Wuthering Heights (United Artists-Sam Goldwyn). "A minor sensation has been caused by the announcement that the Hollywood film version of 'Wuthering Heights' is to be called Wuthering Heights. . . . The decision . . . [was] made by no less a person than Mr. Sam Goldwyn. Mr. Goldwyn is a legendary figure who has a fine autocratic way with the English language and chronology and things like that. . . . Still, the title is not everything; and its retention does not--witness among many others the conspicuous case of Bengal Lancer--at all imply that the film will be even remotely identifiable with the book."

These disdainful words appeared last August in a London Times editorial. Last week they might well have been eaten by their author. As produced by Mr. Goldwyn, directed by William Wyler and acted by Merle Oberon, Lawrence Olivier, David Niven and Flora Robson, Wuthering Heights is not only readily identifiable with the book but one of the season's distinguished pictures.

As cinematerial, Wuthering Heights might seem as farfetched a prospect as any book yet pillaged. It is crammed with neurotic, 19th-Century gloom, ridden with implications of incest, short on action, careless of conventional morality. As additional drawbacks, Mr. Olivier, entrusted with the crucial role of Heathcliff, boasts that he dislikes working for the movies and only does it for money; Ben Hecht and Charles MacArthur, preparing for their labors on Gunga Din, could barely be persuaded to leave their marathon backgammon game long enough to write a script. The script turned out brilliantly. Olivier's work as Heathcliff is a speaking tribute to the efficacy of the profit motive.

Before making the picture, Producer Goldwyn, a stickler for detail, landscaped 540 California acres into a Yorkshire moor. He imported eight British actors, a dialect expert to see that their accents matched, 1,000 panes of hand-blown glass for interior shots and 1,000 heather plants for outdoors. He did not attempt to send for Emily Bronte. In spite of this oversight, there is not much she could have done to improve this screen translation of her masterpiece.

Man of Conquest (Republic). This week's addition to the cinema's rapidly growing biography shelf is a lively portrait of General Sam Houston, Governor of Tennessee (1827-29), victor over Mexican General Antonio Lopez de Santa Anna, and President of the Republic of Texas.
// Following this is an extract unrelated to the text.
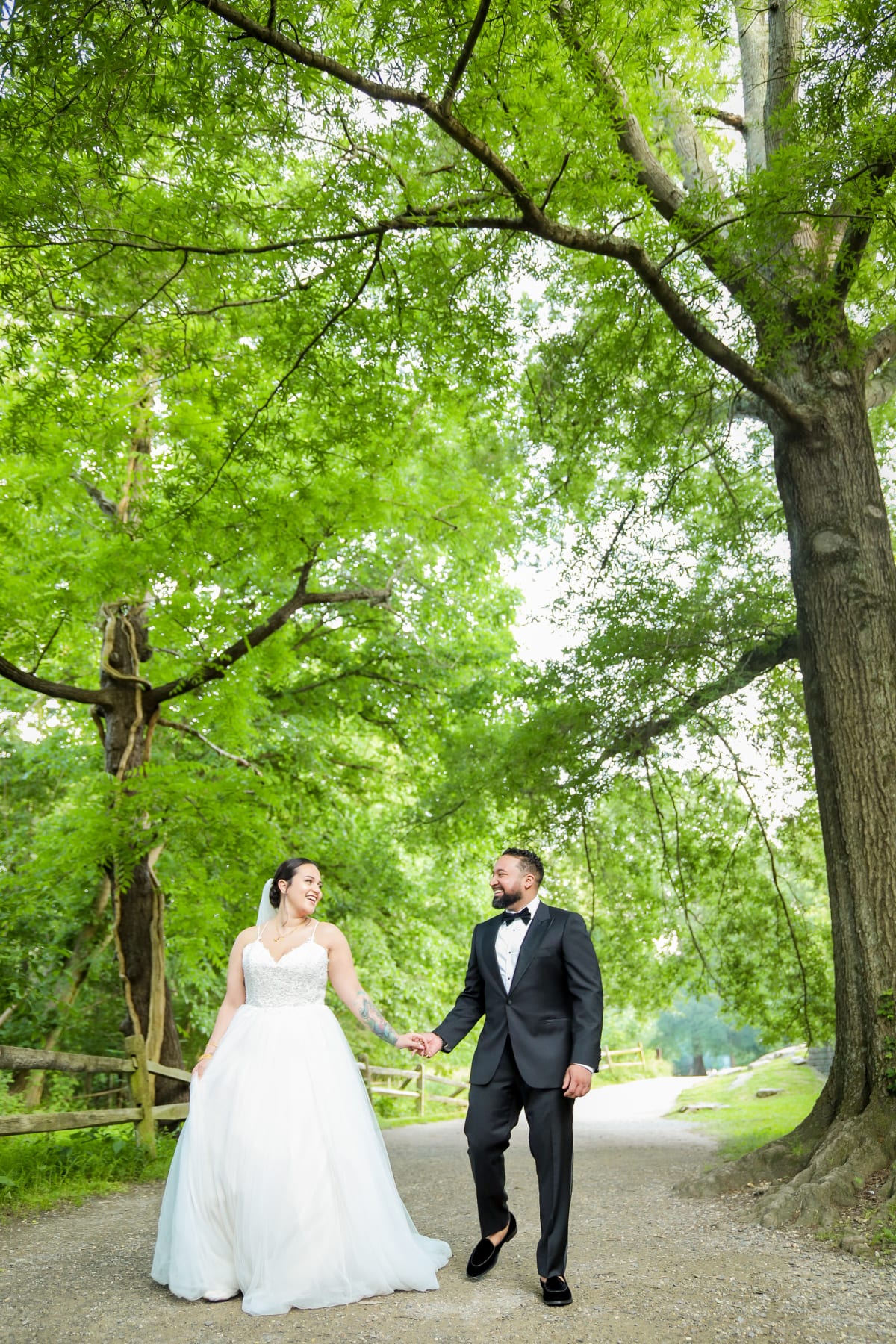 Summer elopement in Virginia State Park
As a subject for polite, Hays-worthy cinema treatment, Sam Houston presented able Screenwriter Wells Root and his collaborators with notable problems. Houston's career as Governor was terminated abruptly when, for reasons which have never been completely explained, he left his first wife and the Governor's mansion almost simultaneously, three months after his marriage. In this picture, Houston (Richard Dix) is deserted by his bride and resigns later to spare her unpleasant publicity. The years when he lived among the Cherokee Indians, who called him "Big Drunk," are glossed over in a few sequences showing him as the red man's ambassador to his friend, Andrew Jackson.

It would take more than such trivial euphemisms to dim the vitality inherent in Houston's story. That vitality emerges on the screen as loud as a war whoop and as earthy as the badlands.

Midnight (Paramount). For the past year and a half, Paramount has been struggling with all the $120,000,000 resources at its command to produce another comedy as good as True Confession. Midnight does it. The story--about a chorus girl who lands in Paris on a rainy night with no assets but a low-cut evening dress --is not as fresh as a mountain daisy. But with Claudette Colbert as the chorus girl, Don Ameche as the taxi-driver who meets her at the station, Francis Lederer as the gigolo who falls in love with her and John Barrymore as the millionaire who finances her, it looks as bright and fetching as an artful nosegay. Good sequence: Barrymore and Colbert eyeing each other at a musicale which she has crashed by palming off a pawn ticket as a card of admission.

Dodge City (Warner Bros.). This picture had last week the most expensive cinema premiere on record. To the little Kansas town whose history it purports to record, Warners transported trainloads of notables. One contingent of 175 stars, pressagents and columnists was brought from Hollywood. Another of 14 newspapermen was imported from Manhattan. Dodge City store fronts were dressed up for the event in old Western style. Its somewhat sheepish residents, at the request of Warner Bros.' publicity staff, grew beards, carried hoss-pistols, danced in the streets for 60,000 visitors.

Dodge City's premiere was the most notable thing about it. The picture itself is a good, noisy Technicolor, flag-waving Western, enlivened by Ann Sheridan, Olivia de Havilland, Errol Flynn and a knock-down drag-out saloon fight. So continual is the random gunfire that cinemaddicts might guess that the place took its name from the necessary behavior of the inhabitants.